## Exercise prompt
Begin with the line that contains "Metal Cover Plate" and transcribe each line after it, up to and including the last line of the listing below.

## Record excerpts
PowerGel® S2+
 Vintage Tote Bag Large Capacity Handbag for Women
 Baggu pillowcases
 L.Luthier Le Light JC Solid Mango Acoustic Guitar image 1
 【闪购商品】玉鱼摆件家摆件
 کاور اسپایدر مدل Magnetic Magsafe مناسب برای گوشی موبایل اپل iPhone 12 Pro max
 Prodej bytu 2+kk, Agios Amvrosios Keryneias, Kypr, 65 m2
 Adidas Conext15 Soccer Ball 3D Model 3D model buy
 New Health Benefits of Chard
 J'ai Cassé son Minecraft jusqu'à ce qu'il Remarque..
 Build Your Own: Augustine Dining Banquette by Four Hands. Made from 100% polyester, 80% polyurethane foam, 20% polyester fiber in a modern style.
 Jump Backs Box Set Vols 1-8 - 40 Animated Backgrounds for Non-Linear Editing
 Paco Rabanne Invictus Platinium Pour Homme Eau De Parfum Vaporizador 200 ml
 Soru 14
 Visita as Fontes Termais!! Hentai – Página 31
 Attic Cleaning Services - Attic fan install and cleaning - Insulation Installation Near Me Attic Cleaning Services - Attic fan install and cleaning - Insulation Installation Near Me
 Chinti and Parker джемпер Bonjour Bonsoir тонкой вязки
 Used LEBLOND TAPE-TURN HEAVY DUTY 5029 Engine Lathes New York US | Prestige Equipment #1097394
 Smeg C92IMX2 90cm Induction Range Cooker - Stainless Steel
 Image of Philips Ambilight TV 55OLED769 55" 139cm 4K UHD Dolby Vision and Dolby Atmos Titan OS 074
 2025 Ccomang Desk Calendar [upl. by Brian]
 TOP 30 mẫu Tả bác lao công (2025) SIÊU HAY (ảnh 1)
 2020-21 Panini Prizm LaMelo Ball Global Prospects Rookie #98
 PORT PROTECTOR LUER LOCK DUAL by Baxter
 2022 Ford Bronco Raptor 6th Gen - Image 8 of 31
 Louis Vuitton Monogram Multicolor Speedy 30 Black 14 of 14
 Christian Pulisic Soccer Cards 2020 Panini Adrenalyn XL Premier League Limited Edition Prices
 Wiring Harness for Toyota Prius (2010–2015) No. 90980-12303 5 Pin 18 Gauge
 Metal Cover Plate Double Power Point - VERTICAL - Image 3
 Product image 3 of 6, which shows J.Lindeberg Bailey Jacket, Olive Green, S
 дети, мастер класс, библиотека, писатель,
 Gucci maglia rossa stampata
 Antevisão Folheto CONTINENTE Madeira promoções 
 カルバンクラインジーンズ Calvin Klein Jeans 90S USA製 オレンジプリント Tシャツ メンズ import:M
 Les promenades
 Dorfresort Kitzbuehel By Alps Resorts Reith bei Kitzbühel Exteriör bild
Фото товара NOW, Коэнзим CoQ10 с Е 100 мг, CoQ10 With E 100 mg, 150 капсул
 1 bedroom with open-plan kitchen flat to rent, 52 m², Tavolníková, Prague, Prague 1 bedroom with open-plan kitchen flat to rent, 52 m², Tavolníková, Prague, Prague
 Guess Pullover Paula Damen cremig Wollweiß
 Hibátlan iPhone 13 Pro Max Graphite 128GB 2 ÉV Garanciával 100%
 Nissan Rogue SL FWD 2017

## Response
 Metal Cover Plate Double Power Point - VERTICAL - Image 3
 Product image 3 of 6, which shows J.Lindeberg Bailey Jacket, Olive Green, S
 дети, мастер класс, библиотека, писатель,
 Gucci maglia rossa stampata
 Antevisão Folheto CONTINENTE Madeira promoções 
 カルバンクラインジーンズ Calvin Klein Jeans 90S USA製 オレンジプリント Tシャツ メンズ import:M
 Les promenades
 Dorfresort Kitzbuehel By Alps Resorts Reith bei Kitzbühel Exteriör bild
Фото товара NOW, Коэнзим CoQ10 с Е 100 мг, CoQ10 With E 100 mg, 150 капсул
 1 bedroom with open-plan kitchen flat to rent, 52 m², Tavolníková, Prague, Prague 1 bedroom with open-plan kitchen flat to rent, 52 m², Tavolníková, Prague, Prague
 Guess Pullover Paula Damen cremig Wollweiß
 Hibátlan iPhone 13 Pro Max Graphite 128GB 2 ÉV Garanciával 100%
 Nissan Rogue SL FWD 2017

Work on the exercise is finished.